Re: Improper io_opt setting for md raid5

Damien Le Moal <dlemoal@xxxxxxxxxx> · Mon, 28 Jul 2025 09:39:35 +0900

On 7/27/25 7:50 PM, Csordás Hunor wrote:
> Adding the SCSI maintainers because I believe the culprit is in
> drivers/scsi/sd.c, and Damien Le Moal because because he has a pending
> patch modifying the relevant part and he might be interested in the
> implications.
> 
> On 7/15/2025 5:56 PM, Coly Li wrote:
>> Let me rescript the problem I encountered.
>> 1, There is an 8 disks raid5 with 64K chunk size on my machine, I observe
>> /sys/block/md0/queue/optimal_io_size is very large value, which isn’t
>> reasonable size IMHO.
> 
> I have come across the same problem after moving all 8 disks of a RAID6
> md array from two separate SATA controllers to an mpt3sas device. In my
> case, the readahead on the array became almost 4 GB:
> 
> # grep ^ /sys/block/{sda,md_helium}/queue/{optimal_io_size,read_ahead_kb}
> /sys/block/sda/queue/optimal_io_size:16773120
> /sys/block/sda/queue/read_ahead_kb:32760

For a SATA drive connected to an mpt3sas HBA, I see the same. But note that the
optimal_io_size here is completely made up by the HBA/driver because ATA does
not advertize/define an optimal IO size.

For SATA drive connected to AHCI SATA ports, I see:

/sys/block/sda/queue/optimal_io_size:0
/sys/block/sda/queue/read_ahead_kb:8192

read_ahead_kb in this case is twice max_sectors_kb (which with my patch is now
4MB).

> /sys/block/md_helium/queue/optimal_io_size:4293918720
> /sys/block/md_helium/queue/read_ahead_kb:4192256
> 
> Note: the readahead is supposed to be twice the optimal I/O size (after
> a unit conversion). On the md array it isn't because of an overflow in
> blk_apply_bdi_limits. This overflow is avoidable but basically
> irrelevant; however, it nicely highlights the fact that io_opt should
> really never get this large.

Only if io_opt is non-zero. If io_opt is zero, then read_ahead_kb by default is
twice max_sectors_kb.

> 
>> 2,  It was from drivers/scsi/mpt3sas/mpt3sas_scsih.c, 
>> 11939 static const struct scsi_host_template mpt3sas_driver_template = {
> ...
>> 11960         .max_sectors                    = 32767,
> ...
>> 11969 };
>> at line 11960, max_sectors of mpt3sas driver is defined as 32767.

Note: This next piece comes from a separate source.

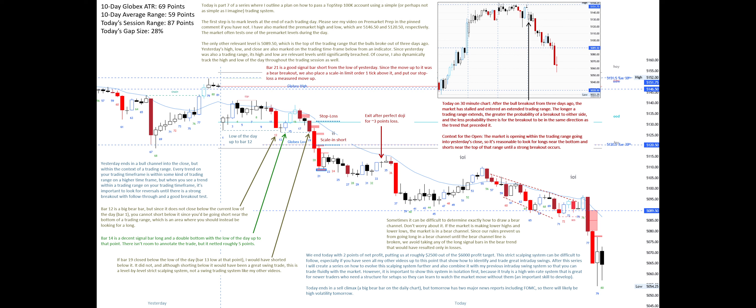After this series, I will create a series on how to evolve this scalping system further and also combine it with my previous intraday swing system so that you can trade fluidly with the market. However, it is important to show this system in isolation first, because it truly is a high win-rate system that is great for newer traders who need a structure for setups so they can learn to watch the market move without them — an important skill to develop.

This is another completely made-up value since SCSI allows commands transfer
length up to 4GB (32-bits value in bytes). Even ATA drives allow up to 65536
logical sectors per command (so 65536 * 4K = 256MB per command for $k logical
sector drives). Not sure why it is set to this completely arbitrary value.

>> Then in drivers/scsi/scsi_transport_sas.c, at line 241 inside sas_host_setup(),
>> shots->opt_sectors is assigned by 32767 from the following code,
>> 240         if (dma_dev->dma_mask) {
>> 241                 shost->opt_sectors = min_t(unsigned int, shost->max_sectors,
>> 242                                 dma_opt_mapping_size(dma_dev) >> SECTOR_SHIFT);
>> 243         }
>>
>> Then in drivers/scsi/sd.c, inside sd_revalidate_disk() from the following coce,
>> 3785         /*
>> 3786          * Limit default to SCSI host optimal sector limit if set. There may be
>> 3787          * an impact on performance for when the size of a request exceeds this
>> 3788          * host limit.
>> 3789          */
>> 3790         lim.io_opt = sdp->host->opt_sectors << SECTOR_SHIFT;
>> 3791         if (sd_validate_opt_xfer_size(sdkp, dev_max)) {
>> 3792                 lim.io_opt = min_not_zero(lim.io_opt,
>> 3793                                 logical_to_bytes(sdp, sdkp->opt_xfer_blocks));
>> 3794         }
>>
>> lim.io_opt of all my sata disks attached to mpt3sas HBA are all 32767 sectors,
>> because the above code block.
>>
>> Then when my raid5 array sets its queue limits, because its io_opt is 64KiB*7,
>> and the raid component sata hard drive has io_opt with 32767 sectors, by
>> calculation in block/blk-setting.c:blk_stack_limits() at line 753,
>> 753         t->io_opt = lcm_not_zero(t->io_opt, b->io_opt);
>> the calculated opt_io_size of my raid5 array is more than 1GiB. It is too large.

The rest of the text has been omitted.